• **Activity**:
Omit every picture and return the rest of the data unaltered.
Top of Data provided
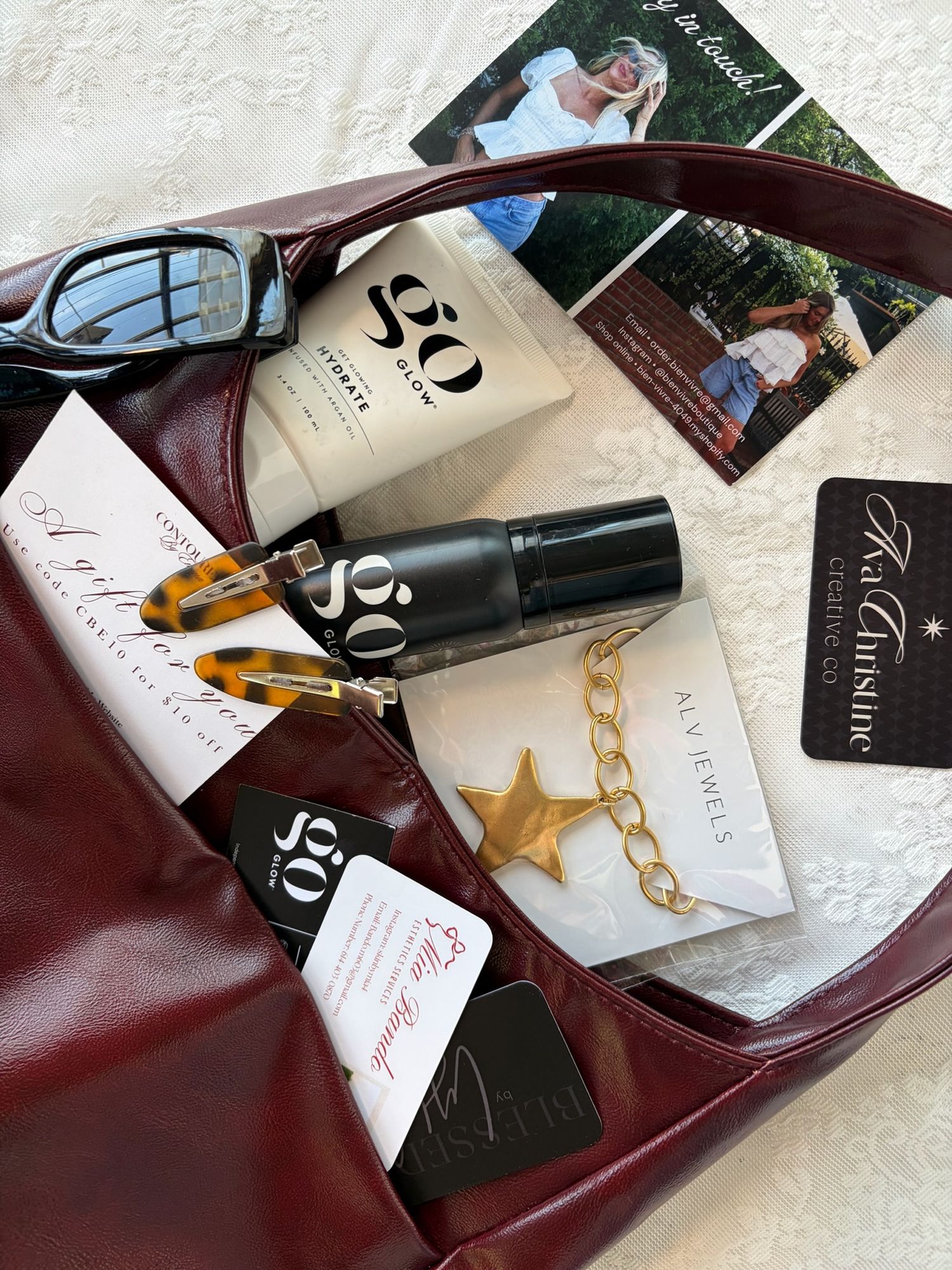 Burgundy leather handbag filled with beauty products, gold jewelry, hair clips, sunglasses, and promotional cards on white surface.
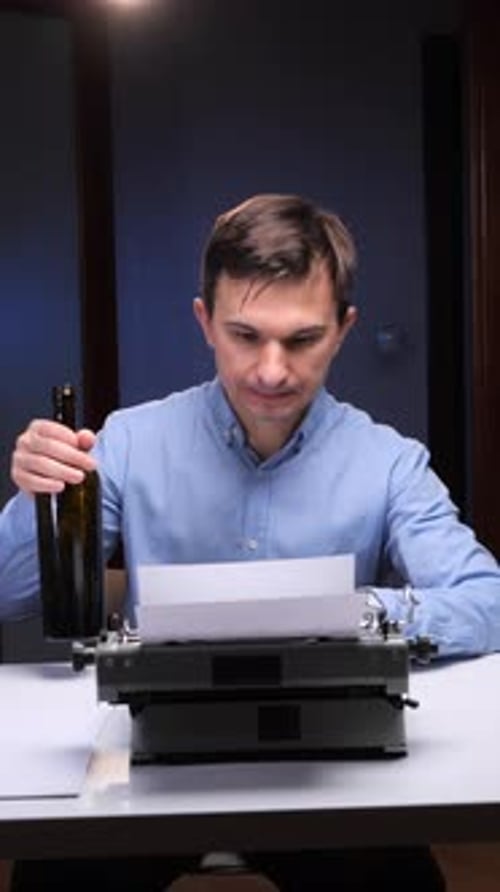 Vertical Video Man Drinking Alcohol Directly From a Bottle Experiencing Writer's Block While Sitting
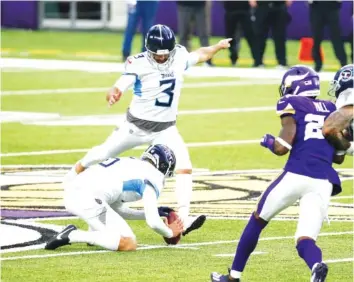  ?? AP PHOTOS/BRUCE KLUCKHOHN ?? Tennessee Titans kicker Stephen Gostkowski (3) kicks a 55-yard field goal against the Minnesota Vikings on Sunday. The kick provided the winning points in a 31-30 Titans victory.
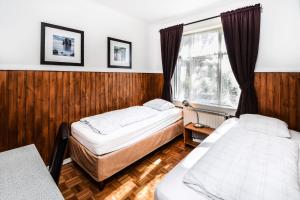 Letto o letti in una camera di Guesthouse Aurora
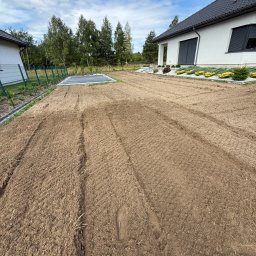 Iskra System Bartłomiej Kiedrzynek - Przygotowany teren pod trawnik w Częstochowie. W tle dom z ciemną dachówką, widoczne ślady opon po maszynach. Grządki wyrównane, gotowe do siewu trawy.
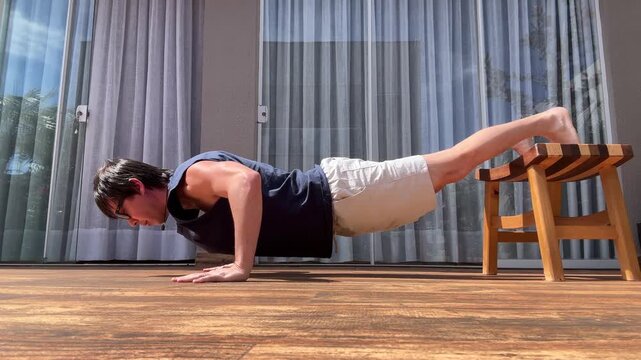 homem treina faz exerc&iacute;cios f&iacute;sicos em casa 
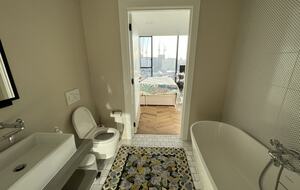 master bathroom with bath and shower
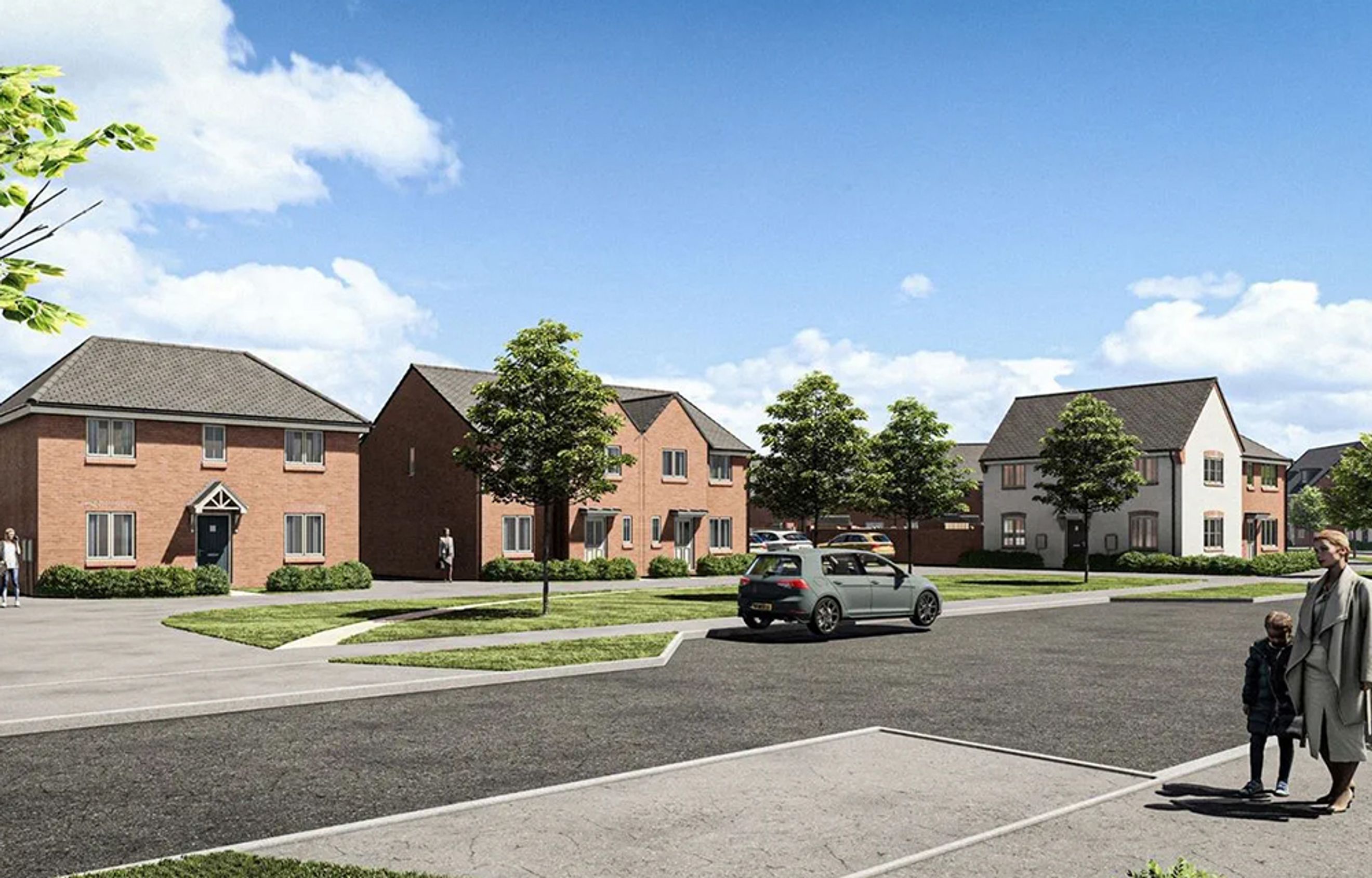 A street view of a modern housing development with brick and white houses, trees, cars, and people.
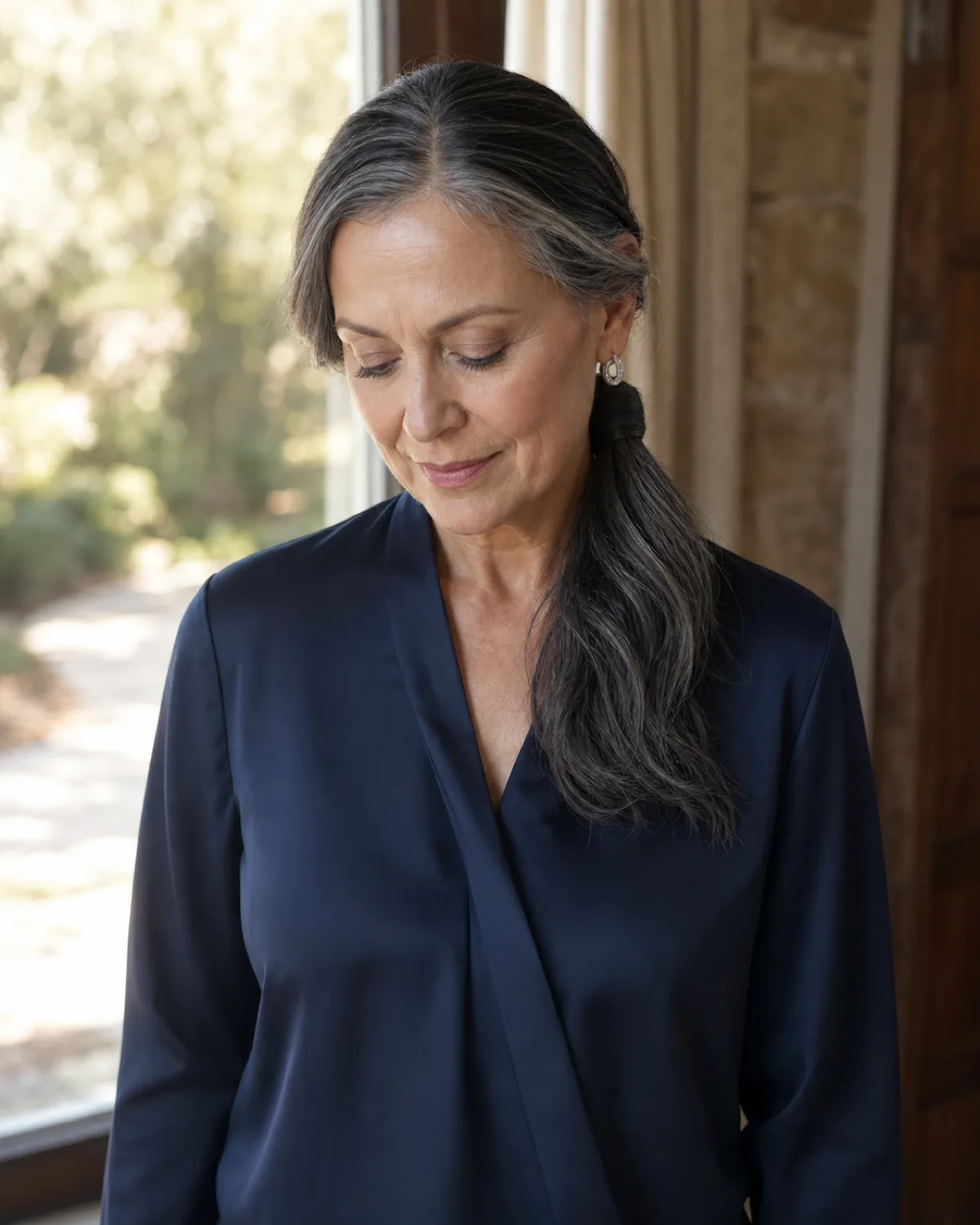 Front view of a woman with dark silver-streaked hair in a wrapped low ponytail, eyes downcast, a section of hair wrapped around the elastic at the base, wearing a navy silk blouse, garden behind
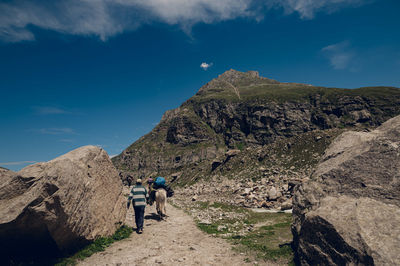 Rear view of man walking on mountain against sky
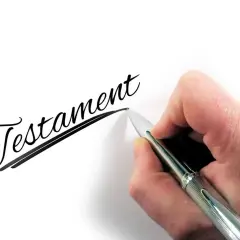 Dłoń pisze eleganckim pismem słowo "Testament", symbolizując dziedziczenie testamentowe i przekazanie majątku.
Bottom of Data provided
• **Result for this task**:
 Burgundy leather handbag filled with beauty products, gold jewelry, hair clips, sunglasses, and promotional cards on white surface.
 Vertical Video Man Drinking Alcohol Directly From a Bottle Experiencing Writer's Block While Sitting
  ?? AP PHOTOS/BRUCE KLUCKHOHN ?? Tennessee Titans kicker Stephen Gostkowski (3) kicks a 55-yard field goal against the Minnesota Vikings on Sunday. The kick provided the winning points in a 31-30 Titans victory.
 Letto o letti in una camera di Guesthouse Aurora
 Iskra System Bartłomiej Kiedrzynek - Przygotowany teren pod trawnik w Częstochowie. W tle dom z ciemną dachówką, widoczne ślady opon po maszynach. Grządki wyrównane, gotowe do siewu trawy.
 homem treina faz exerc&iacute;cios f&iacute;sicos em casa 
 master bathroom with bath and shower
 A street view of a modern housing development with brick and white houses, trees, cars, and people.
 Front view of a woman with dark silver-streaked hair in a wrapped low ponytail, eyes downcast, a section of hair wrapped around the elastic at the base, wearing a navy silk blouse, garden behind
 Rear view of man walking on mountain against sky
 Dłoń pisze eleganckim pismem słowo "Testament", symbolizując dziedziczenie testamentowe i przekazanie majątku.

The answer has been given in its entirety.